Let’s look at the steps:

  1. Takes the elements input in an array
  2. Creates a binary search tree by inserting data items from the array into the tree
  3. Performs in-order traversal on the tree to get the elements in sorted order

So we’ll use the array representation of the binary tree as an input to sort it.

4.2. Pseudocode

Since the first step is very simple, we present pseudocode for step two and three.

For the second step of the algorithm, the function keeps looking for the right position for the input element recursively by comparing it to the root of each subtree. The following pseudocode, Insert(Node node, Key value) shows the details of that function:

algorithm insert(node, value):
    // INPUT
    //   node = the input node object
    //   value = the value of node key
    // OUTPUT
    //   Returns the inserted node object

    if node = null:
        return Node(value)
    else if value <= node.value:
        node.left <- insert(node.left, value)
    else:
        node.right <- insert(node.right, value)
    
    return node

For the third step, the function goes through all the tree recursively to get the left side of each subtree printed before the right side. This guarantees to print the tree in order. The following pseudocode, traverseInOrder(Node node) shows the details of that function:

algorithm traverseInOrder(node):
    // INPUT
    //   node = the input node object
    // OUTPUT
    //   Prints the final BST in ascending order

    if node != null:
        traverseInOrder(node.left)
        print(node.value)
        traverseInOrder(node.right)

5. Complexity Analysis

5.1. Time Complexity

Given the following two points:

  • Inserting a new node in a BST takes O(log n) in the average case and O(n) in the worst case, as mentioned before
  • The input array to tree sort algorithm is of size n

So the time complexity for constructing the BST is the time of inserting n nodes, which results in total time complexity of O(n log n) in the average case, and O(n^2) in the worst case. We’ll name it T(BST Insertion).

For the traversal time complexity, it takes steps equal to the tree size to read and print all the nodes, so it takes n steps. So that the time complexity of traversing and printing the BST in order is O(n), and we’ll name it T(BST Traversal).

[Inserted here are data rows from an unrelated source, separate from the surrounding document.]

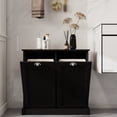 thumbnail image 3 of Double Tilt-Out Trash Cabinet & Free Standing Laundry Sorter, 2-Compartment Tilt-Out Hamper, Modern Black Bathroom Storage Cabinet, 3 of 9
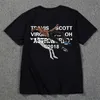 Erkekler T-Shirts Marka Erkekler T-Shirt Fan Mektubu Baskı Travis Scotts Astroworld Cep Grafik Tshirts Sokak Giyim Hip Hop Tavşağı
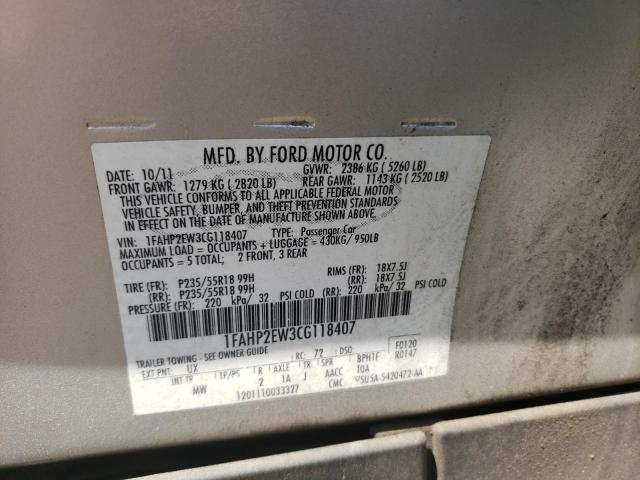 Photo 10 from auction – 2012 FORD TAURUS SEL with VIN 1FAHP2EW3CG118407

Finally, the worst-case time complexity of sorting a binary tree using the steps of the tree sort algorithm is as follows:

T(SortingBinaryTree) =  T(BST Insertion) +  T(BST Traversal) = O(n^2) + O(n) = O(n^2)

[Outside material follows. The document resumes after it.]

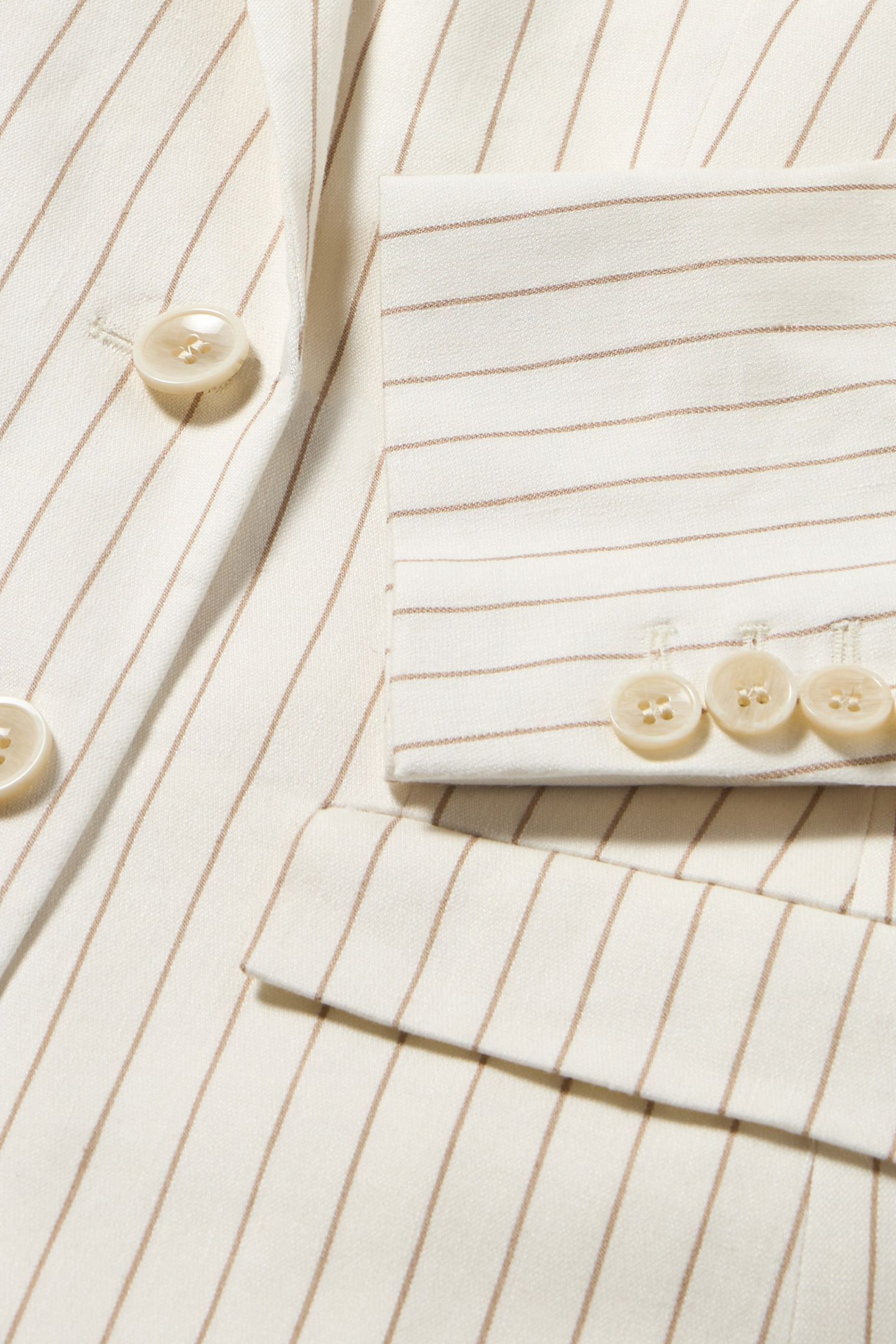 PINSTRIPE LINEN BLEND DOUBLE-BREASTED BLAZER WHITE 5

The calculations of the worst-case assume an unbalanced BST. To maintain the average case, a balanced BST is needed.

To build a balanced binary search tree, we need a different data structure to maintain the balancing, and we call it a self-balancing (or height balancing) binary search tree. Most known implementations of the self-balancing BST are AVL Tree, B-Tree, Red-Black Tree, and Splay Tree.

5.2. Space Complexity

As we need to create n nodes for n elements during all the steps, so the space complexity is O(n).

6. Conclusion

In this tutorial, we explained, in a nutshell, the binary tree, the binary search tree, and the tree sort algorithm. Then we showed the pseudocode of the main two functions of the algorithm; inserting a new node in newly created BST, and traversing this BST to print it in ascending order.

Finally, we showed the time and space complexity of tree sort.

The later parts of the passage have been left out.